Copy exactly the lines that run from the top of the listing to the line containing "IZ-E950S Invest LUX-Kompatibilis", both ends included, and omit the pictures.

> **Stored data**

-----

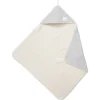 Omslagdoek Teddy Denver Soft Grey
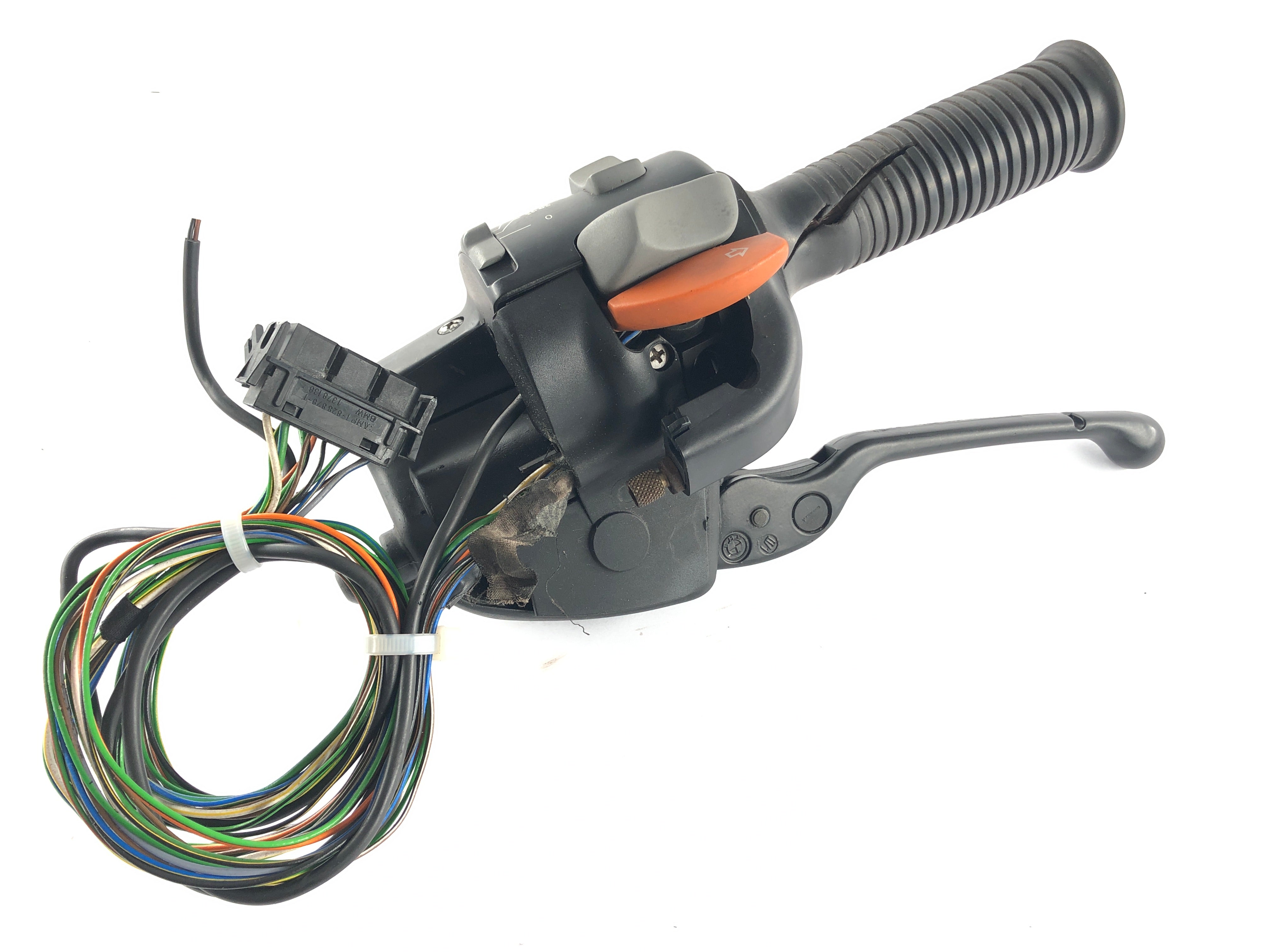 BMW R 1150 RT [2003] - Handlebar switch right brake pump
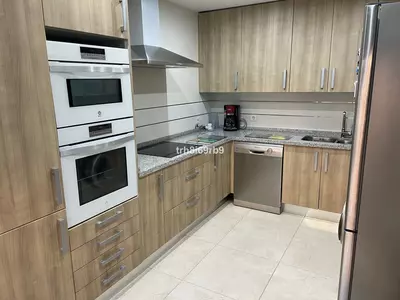 Semi-Detached House in Estepona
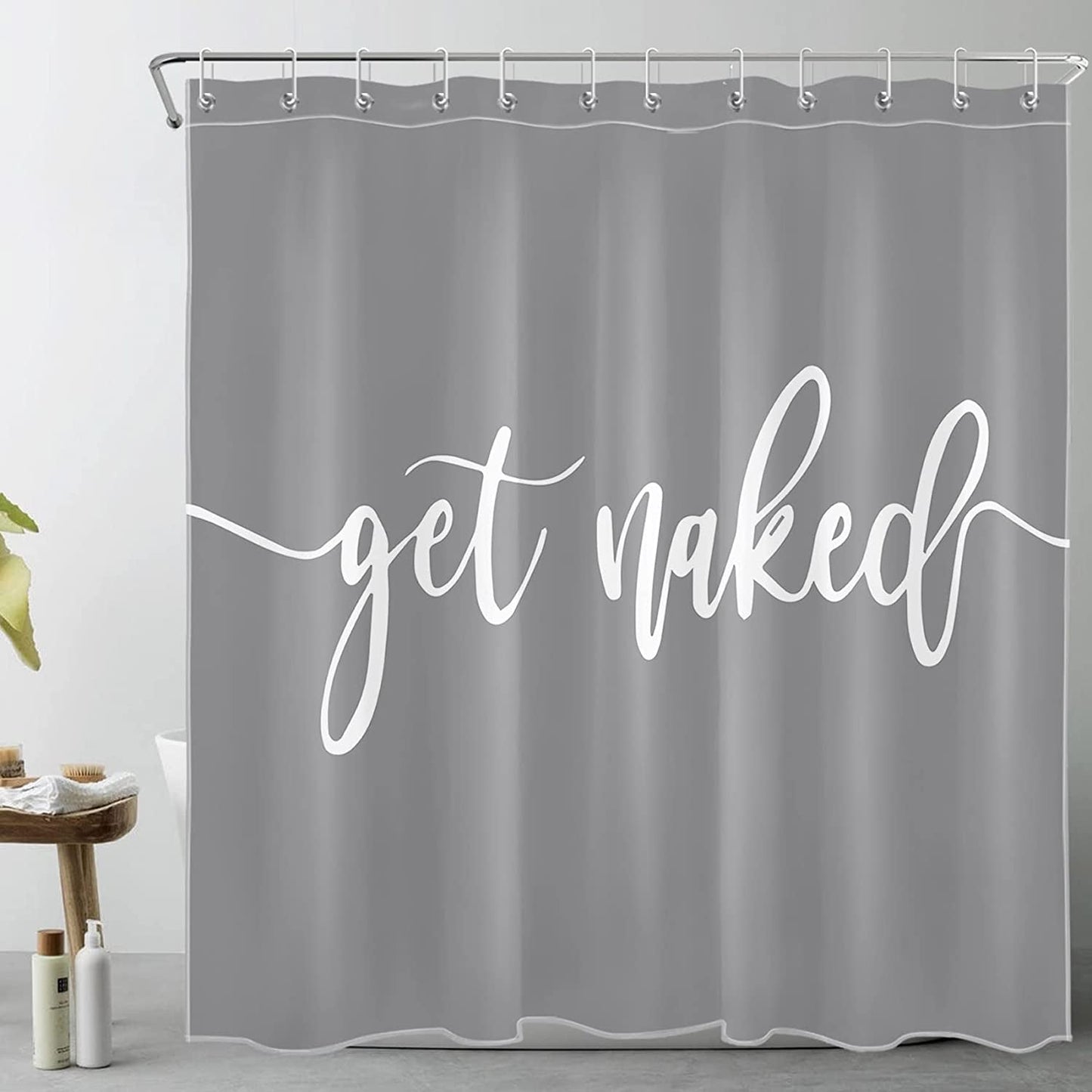Avelena | Get Naked Duschvorhang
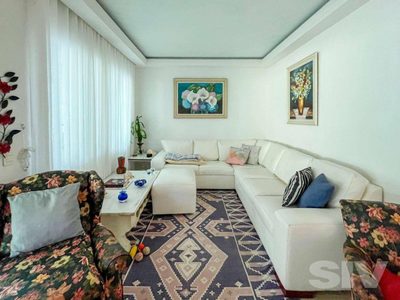 Casa, 4 quartos, 218 m² - Foto 5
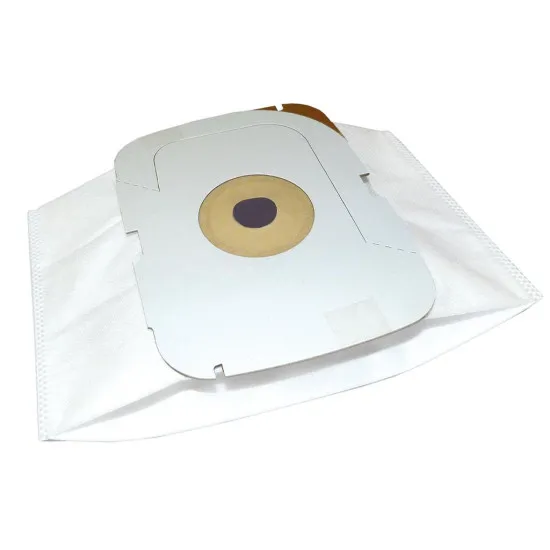 IZ-E950S Invest LUX-Kompatibilis Intelligence mikroszálas porzsák Intelligence AC 11, Intelligence AP 11, Intelligence D 920, Intelligence D 950, S 115 típusokhoz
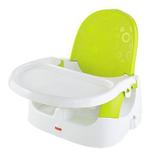 Cadeira de Alimentação e Refeição Booster 2 em 1 Fisher - Price Meninos e Meninas Portátil - Fisher-price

-----

> **Written answer**
 Omslagdoek Teddy Denver Soft Grey
 BMW R 1150 RT [2003] - Handlebar switch right brake pump
 Semi-Detached House in Estepona
Avelena | Get Naked Duschvorhang
 Casa, 4 quartos, 218 m² - Foto 5
 IZ-E950S Invest LUX-Kompatibilis Intelligence mikroszálas porzsák Intelligence AC 11, Intelligence AP 11, Intelligence D 920, Intelligence D 950, S 115 típusokhoz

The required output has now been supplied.